##### Records for processing #####

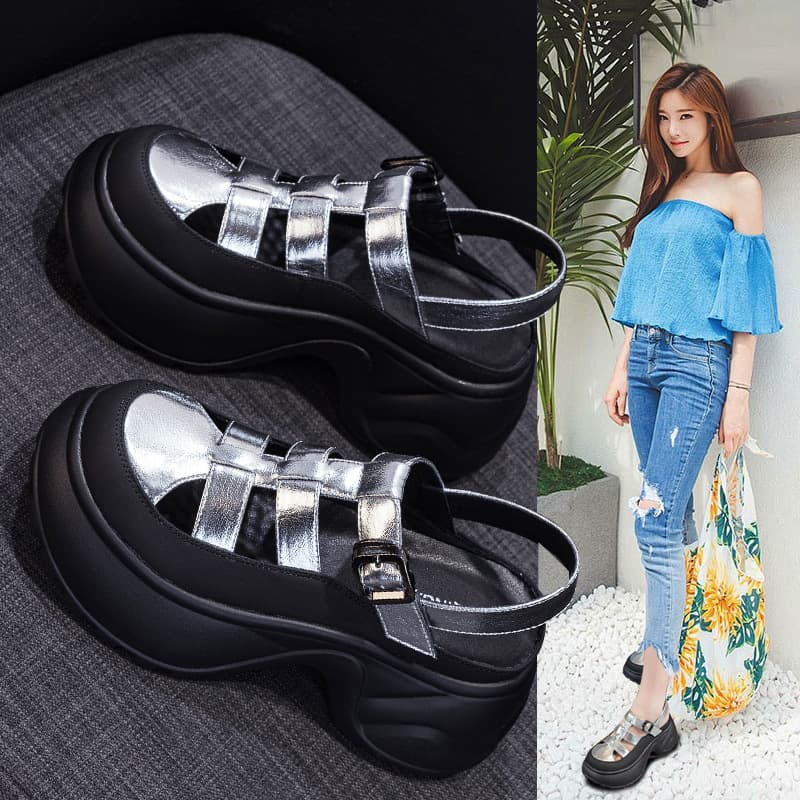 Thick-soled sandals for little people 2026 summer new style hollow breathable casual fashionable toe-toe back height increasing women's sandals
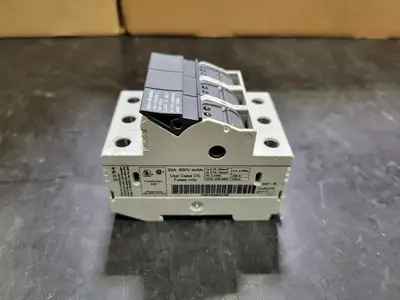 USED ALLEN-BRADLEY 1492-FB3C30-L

#####
##### Records for processing #####

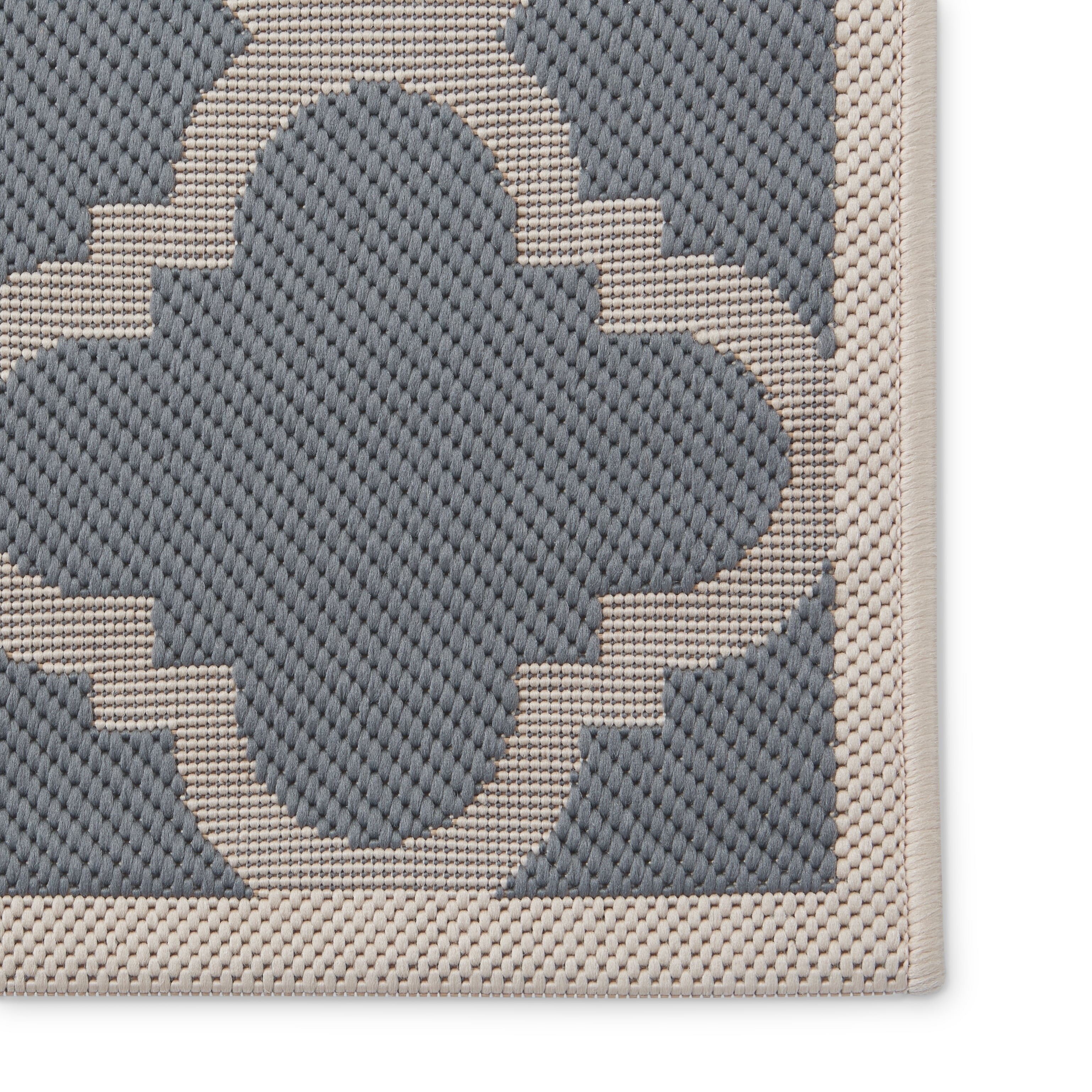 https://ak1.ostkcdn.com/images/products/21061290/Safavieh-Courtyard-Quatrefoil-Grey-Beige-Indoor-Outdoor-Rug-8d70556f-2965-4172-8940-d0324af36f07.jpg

#####

* [Problem] The output is the stretch above from the line with "Thick-soled sandals for" through the line with "USED ALLEN-BRADLEY 1492-FB3C30-L", copied word for word with both ends kept and every picture dropped.

* [Your response]
 Thick-soled sandals for little people 2026 summer new style hollow breathable casual fashionable toe-toe back height increasing women's sandals
 USED ALLEN-BRADLEY 1492-FB3C30-L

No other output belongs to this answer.